Questa è una di quelle mail.
Ho conosciuto Hyo-ju nel monastero in Corea dov'ero andato ad allenarmi, lei faceva un mese intero di permanenza ma al posto degli allenamenti marziali faceva servizi per la comunità. Già quella era una breve fuga dalla sua realtà  ma evidentemente non è bastata...dopo anni di insegnamento vuole mollare tutto per un anno, viaggiare poi trasferirsi in campagna o in una piccola città, ma le paure di un passo del genere sono tante. In generale vedo molta gente che rimane paralizzata dalla paura delle conseguenze, esattamente com'ero io fino a due anni fa. Ho visto tanta gente che invece ha ignorato la paura ed ha saltato 
Come in ogni salto ci sono due rischi:
-sbagliare nel prendere le misure,nel valutare le proprie capacità o nel preparare la rincorsa
-spaventarsi e frenare prima di spiccare il salto, non prendere nemmeno in considerazione l'ipotesi di provare o, nella peggiore delle ipotesi, saltare con la convinzione di non farcela
Ognuno di questi errori porta inevitabilmente alla caduta, poi quanto ci si faccia male è un'altro discorso...
Sulla valutazione e la preparazione al salto ci si lavora, basta essere persone assennate ed i rischi si riducono di molto, poi resta solo da vincere (o ignorare) la paura ed il salto si fa.

Beh, ecco parte della mail, credo che darei consigli simili a molte altre persone e non solo per quanto riguarda i viaggi o i "periodi sabbatici", ma per l'approccio stesso alla vita.
 
 
Hi Hyo-ju!
[...]

Travelling is the best way to change your life, you take a break and have the time to look inside yourself far from the environement you are used to.

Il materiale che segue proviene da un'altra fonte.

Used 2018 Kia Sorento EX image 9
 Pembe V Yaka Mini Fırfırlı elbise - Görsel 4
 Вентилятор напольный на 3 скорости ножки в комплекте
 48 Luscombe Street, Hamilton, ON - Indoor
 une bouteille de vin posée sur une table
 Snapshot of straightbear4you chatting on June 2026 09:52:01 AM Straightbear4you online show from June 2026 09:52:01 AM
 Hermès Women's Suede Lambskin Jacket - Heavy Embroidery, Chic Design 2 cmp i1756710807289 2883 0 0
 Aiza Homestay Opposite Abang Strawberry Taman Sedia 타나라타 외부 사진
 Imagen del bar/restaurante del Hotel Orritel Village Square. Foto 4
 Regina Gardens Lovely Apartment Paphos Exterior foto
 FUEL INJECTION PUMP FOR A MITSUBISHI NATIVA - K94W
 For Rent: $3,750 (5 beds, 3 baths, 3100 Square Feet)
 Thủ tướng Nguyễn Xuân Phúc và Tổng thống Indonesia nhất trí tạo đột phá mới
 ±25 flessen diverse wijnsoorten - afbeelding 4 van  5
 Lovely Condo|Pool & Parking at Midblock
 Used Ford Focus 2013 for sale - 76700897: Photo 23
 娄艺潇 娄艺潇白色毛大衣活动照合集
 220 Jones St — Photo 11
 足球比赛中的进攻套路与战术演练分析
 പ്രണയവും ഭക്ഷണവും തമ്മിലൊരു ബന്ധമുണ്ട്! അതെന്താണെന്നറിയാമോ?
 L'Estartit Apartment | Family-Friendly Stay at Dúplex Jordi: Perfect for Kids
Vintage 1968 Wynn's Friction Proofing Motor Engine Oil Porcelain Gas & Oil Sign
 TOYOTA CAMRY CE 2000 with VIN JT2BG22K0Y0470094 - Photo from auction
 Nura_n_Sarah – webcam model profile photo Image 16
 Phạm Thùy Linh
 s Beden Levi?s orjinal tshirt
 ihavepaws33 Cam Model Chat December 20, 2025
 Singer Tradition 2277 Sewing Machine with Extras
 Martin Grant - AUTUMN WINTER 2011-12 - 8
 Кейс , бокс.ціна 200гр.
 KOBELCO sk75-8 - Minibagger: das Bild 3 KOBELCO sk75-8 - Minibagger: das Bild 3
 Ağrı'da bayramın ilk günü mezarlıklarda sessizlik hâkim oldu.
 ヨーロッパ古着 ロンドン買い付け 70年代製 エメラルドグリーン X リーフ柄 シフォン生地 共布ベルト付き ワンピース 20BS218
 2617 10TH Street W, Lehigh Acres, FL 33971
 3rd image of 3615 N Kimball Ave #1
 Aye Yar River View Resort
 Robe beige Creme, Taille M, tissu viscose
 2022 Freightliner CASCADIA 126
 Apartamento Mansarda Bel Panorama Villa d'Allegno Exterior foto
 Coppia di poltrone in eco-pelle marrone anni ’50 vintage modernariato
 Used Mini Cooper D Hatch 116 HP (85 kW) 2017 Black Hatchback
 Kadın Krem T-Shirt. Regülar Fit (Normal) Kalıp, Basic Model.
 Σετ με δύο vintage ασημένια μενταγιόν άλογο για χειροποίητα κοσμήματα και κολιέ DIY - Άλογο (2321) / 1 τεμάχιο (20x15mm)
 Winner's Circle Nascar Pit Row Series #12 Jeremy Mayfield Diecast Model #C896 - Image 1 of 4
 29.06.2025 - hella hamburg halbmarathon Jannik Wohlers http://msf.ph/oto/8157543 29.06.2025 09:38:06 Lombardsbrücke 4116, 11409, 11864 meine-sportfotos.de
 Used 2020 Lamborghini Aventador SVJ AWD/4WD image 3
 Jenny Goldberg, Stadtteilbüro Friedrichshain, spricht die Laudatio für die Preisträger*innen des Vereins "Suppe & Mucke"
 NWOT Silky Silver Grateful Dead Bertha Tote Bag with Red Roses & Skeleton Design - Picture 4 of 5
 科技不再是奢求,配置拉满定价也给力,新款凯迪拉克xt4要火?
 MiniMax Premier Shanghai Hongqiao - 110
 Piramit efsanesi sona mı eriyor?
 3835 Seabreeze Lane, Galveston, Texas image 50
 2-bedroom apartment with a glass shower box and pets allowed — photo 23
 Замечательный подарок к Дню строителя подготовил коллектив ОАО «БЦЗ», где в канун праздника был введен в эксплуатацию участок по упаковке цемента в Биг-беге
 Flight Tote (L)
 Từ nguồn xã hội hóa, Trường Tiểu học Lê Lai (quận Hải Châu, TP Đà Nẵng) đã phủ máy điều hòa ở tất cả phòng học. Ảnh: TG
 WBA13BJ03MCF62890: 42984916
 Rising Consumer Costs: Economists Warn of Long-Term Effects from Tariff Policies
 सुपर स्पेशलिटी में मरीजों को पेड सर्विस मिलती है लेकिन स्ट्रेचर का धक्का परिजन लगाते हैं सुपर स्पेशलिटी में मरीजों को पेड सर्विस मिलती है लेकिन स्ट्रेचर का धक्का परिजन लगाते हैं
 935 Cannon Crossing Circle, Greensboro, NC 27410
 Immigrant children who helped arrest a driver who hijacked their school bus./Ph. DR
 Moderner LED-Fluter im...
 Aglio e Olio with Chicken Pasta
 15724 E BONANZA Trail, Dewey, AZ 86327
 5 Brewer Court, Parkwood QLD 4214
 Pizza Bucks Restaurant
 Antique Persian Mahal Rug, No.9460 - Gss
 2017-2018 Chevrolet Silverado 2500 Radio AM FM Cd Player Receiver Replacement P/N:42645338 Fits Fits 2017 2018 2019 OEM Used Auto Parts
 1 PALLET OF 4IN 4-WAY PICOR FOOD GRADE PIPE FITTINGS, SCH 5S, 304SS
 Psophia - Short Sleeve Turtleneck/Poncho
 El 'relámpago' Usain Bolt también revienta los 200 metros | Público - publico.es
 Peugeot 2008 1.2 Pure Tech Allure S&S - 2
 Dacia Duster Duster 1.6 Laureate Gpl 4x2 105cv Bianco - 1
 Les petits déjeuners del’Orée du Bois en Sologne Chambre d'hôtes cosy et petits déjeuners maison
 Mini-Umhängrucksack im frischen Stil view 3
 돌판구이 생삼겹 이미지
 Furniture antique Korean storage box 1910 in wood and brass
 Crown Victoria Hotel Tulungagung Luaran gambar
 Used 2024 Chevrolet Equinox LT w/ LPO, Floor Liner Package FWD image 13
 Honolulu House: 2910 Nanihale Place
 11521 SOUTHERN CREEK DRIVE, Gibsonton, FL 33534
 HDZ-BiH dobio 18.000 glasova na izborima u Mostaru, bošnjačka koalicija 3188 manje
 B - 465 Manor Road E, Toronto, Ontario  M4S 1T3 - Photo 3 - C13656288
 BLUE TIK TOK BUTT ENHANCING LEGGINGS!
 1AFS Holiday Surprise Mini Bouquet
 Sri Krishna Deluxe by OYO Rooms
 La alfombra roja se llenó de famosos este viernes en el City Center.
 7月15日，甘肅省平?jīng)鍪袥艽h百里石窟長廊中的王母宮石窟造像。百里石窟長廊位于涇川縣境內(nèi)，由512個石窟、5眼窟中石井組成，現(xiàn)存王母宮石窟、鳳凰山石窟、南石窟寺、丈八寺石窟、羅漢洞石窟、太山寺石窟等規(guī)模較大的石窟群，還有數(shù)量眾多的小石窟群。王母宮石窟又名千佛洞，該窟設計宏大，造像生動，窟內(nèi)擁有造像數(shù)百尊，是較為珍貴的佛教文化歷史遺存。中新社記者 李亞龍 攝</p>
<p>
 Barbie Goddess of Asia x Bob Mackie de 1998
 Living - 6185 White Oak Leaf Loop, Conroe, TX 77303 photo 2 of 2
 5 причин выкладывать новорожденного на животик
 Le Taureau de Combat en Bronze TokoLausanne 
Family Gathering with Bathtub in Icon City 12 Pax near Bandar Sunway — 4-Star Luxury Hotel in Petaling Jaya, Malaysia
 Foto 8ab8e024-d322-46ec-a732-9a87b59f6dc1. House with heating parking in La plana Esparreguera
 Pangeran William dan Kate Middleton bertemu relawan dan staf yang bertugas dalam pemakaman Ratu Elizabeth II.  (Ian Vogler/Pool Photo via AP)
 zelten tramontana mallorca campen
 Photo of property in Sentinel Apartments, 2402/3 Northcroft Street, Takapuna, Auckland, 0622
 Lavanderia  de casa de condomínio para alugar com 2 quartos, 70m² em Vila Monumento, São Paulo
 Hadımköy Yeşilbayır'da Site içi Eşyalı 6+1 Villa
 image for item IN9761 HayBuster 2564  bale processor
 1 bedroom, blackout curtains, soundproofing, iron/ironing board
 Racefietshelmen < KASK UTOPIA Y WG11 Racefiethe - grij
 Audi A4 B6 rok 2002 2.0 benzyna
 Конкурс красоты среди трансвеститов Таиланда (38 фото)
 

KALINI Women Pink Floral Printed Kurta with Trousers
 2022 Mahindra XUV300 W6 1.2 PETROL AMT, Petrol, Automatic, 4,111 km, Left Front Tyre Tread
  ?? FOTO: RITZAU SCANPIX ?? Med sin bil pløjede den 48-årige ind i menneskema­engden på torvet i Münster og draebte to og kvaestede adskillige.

I think it's like the month you spent in the temple, everything is so different you feel like a different person, and it's something you take with you when you go back to your old life.
If you don't have a reason to stay where you are, something or someone you cannot leave for a few months, just do it! take some months for yourself and travel. Your family and your friends will not disappear, they will just look at you when you will be back and say "OMG, is it a year already?!"
That's what happend to me, people noticed that they spent one more year doing what they had done for the years before, not even noticing the time passing, but when you travel it seems like you had 5 years in one! It's exausting some times, but 100% worth!
I hope you can follow your dreams.
Life is having a dream to pursue, otherwise you can call it hell. So I hope to meet you again and see you smiling because you are living your dream! [...]
Take care and never stop dreaming
Joe/Giuseppe

PS:la forma sta da un'altra parte, lo so, perdonate l'itanglish ma non ha senso correggere per far bella figura :P 

mercoledì 19 febbraio 2014

Aggiornamenti, vincere le paure a zuppa di pho

Serve un piccolo aggiornamento?
Sì, sarebbe d'obbligo...beh, ho ripreso una vita quasi normale, ho trovato un lavoro, costruisco il cielo! Poi ci sarà da cercar casa, rimettersi nel ritmo di una vita normale...
No, non lo nascondo, per quanto sia felice delle persone e delle cose che ho ritrovato, dei progetti che sto costruendo...mi manca viaggiare.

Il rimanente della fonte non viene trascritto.